Unutulmamaya muhtaç gerçekler: 30 yıl önceki terörle mücadele
Tv100 Gazetesi Yazarı Abdullah Ağar'ın bugünkü (26.10.2022)''Unutulmamaya muhtaç gerçekler: 30 yıl önceki terörle mücadele'' başlıklı yazısı.
Karanlığın içine süzülüyor, daha koyu olan vadiye doğru iniyoruz. Gecenin sessizliğinde hep alıştığımız gibi, önümüzdeki kişiyi takip ederken, en baştaki Muharrem Üsteğmenim kolu yavaş yavaş derin vadinin içine çekiyor. Gecenin karanlığı ve arazinin zorluğu; bilindiği gibi. İniş zorluyor. Belki de çok uzun yıllardır insan ayağının değmediği bir ormanın içindeyiz. Kurumuş, çürümüş, devrilmiş, dere yatağını doldurmuş ağaçların ve dallarının arasında kendimize yol bulmaya çalışıyoruz. Koca koca, yüksek kayaların en kolay inilebilen yerlerinden, bazen tutunarak, bazen yardımlaşarak, bazen de kıçımızın üstünde kayarak inmeye çalışıyoruz. Yani her şey bildiğimiz gibi, dağ gibi.

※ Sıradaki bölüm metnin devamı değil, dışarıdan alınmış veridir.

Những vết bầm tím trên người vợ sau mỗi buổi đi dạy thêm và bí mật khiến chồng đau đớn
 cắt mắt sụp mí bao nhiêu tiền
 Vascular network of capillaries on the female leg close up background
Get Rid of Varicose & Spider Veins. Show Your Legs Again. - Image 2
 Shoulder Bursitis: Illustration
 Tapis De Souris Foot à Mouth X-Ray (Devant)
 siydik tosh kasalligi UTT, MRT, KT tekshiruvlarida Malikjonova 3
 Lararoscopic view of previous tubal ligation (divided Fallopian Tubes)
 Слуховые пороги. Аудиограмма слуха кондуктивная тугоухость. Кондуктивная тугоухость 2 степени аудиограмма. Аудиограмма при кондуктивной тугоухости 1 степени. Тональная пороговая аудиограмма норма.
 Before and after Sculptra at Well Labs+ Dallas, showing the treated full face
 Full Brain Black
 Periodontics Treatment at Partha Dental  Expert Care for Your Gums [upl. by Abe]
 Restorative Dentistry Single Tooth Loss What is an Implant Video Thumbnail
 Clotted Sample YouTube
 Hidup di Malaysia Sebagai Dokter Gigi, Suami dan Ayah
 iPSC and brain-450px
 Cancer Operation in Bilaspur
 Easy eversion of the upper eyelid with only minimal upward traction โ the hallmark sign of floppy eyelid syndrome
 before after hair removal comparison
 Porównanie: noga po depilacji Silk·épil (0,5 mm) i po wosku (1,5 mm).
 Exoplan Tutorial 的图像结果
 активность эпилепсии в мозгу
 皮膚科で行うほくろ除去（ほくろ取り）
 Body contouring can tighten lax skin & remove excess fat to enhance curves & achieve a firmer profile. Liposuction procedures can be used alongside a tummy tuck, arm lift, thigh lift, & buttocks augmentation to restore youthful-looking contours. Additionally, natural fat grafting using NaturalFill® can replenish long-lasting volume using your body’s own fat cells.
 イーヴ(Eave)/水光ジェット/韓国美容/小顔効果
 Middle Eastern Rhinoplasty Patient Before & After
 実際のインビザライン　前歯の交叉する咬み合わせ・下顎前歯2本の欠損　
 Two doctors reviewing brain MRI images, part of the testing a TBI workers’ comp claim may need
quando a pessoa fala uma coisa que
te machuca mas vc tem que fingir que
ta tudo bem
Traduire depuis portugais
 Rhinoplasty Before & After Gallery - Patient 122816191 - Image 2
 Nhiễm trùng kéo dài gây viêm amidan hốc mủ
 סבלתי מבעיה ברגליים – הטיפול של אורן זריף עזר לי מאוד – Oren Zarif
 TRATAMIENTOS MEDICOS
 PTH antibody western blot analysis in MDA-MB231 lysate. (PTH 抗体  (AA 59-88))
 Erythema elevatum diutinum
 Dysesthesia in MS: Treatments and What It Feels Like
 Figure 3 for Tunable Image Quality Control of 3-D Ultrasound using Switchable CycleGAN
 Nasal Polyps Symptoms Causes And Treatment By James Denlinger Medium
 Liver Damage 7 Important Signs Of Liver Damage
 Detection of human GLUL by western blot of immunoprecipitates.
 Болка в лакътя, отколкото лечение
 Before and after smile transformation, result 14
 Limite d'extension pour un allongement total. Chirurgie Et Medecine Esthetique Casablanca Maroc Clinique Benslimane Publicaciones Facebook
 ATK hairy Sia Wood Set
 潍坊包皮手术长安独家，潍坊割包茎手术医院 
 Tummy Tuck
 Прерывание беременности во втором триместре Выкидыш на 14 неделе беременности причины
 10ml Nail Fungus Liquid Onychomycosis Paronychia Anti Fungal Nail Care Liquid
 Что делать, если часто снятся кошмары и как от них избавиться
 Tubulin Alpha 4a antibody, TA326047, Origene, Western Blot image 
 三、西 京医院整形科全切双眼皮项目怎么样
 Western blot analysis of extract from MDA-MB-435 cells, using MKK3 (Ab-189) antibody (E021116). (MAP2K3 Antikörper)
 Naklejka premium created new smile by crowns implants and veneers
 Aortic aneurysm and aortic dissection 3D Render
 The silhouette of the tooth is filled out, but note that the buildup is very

O kadar tırmaladık ki, artık ne kadar vakit geçtiğini kestiremez oldum. Çattığımız arazi, bizi kolayca aşağıya taşımadı. Sonra çiseleyen yağmur, terleyip içten ıslanmış bizleri, dıştan da ıslatarak, sahnedeki yerini aldı. Saatler geçtikçe, yoruldukça, yıprandıkça, zorlandıkça, zifiri karanlığın içinde yaptığımız tek şey, etrafı kontrol ederek, bizden olmayan sesleri, örneğin patlayabilecek ya da patlayan bir namlunun sesini duymaya ya da bir namlu ağız alevini görmeye çalışmaktı. Ve araziyle boğuşa boğuşa aşağıya doğru inmek, dibi bulmak, sonra da Khantur dağının eteklerine sardırmaktı.
Uçtaki koç gibi üsteğmen görev ve can havliyle araziye bodoslama bir koç vuruşu yapmıştı. Dere, tepe, ağaç, kaya demeden dümdüz gidiyordu. Gidiyordu da neredeyse bu gidiş yüzünden boynum kırılıyordu. Fena düştüm. Gecenin karanlığında bir kayanın üstünden attığım adım, olanca ağırlığımla, 15-20 kiloluk sırt çantamla, kodum mu oturtan 102 santimlik G-3’ümle ve olanca boş bulunmuşluğumla dibi meçhul karanlık boşluğa atılan korku dolu bir maceraya dönüşünce, tutunmaya çalıştığım boşlukta çırpınıp durdum. Hemen sonra da gökten düşen bir manda boku gibi yere çakıldım. Allah’tan çakıldım. Böyle bir durumda uzun süre uçmayı ister miydim? Neyse, işin gırgırı.
Düşmek, çarpmak kolaydı da, hırpalanmadan kalmak zordu. Askerlerimin el yardımlarıyla kendimi ve teçhizatımı topladıktan sonra ıhlaya ıhlaya, söve söve, boynumu ovuştura ovuştura yürüdüm.
Şimdi de dik bir inişten çapraz sapmalar yapıyoruz. Tek amaç var. Geç kalmadan, vadi tabanına ulaşmak ve gecenin karanlığında vadi tabanından yani mahkum araziden sıyrılmak.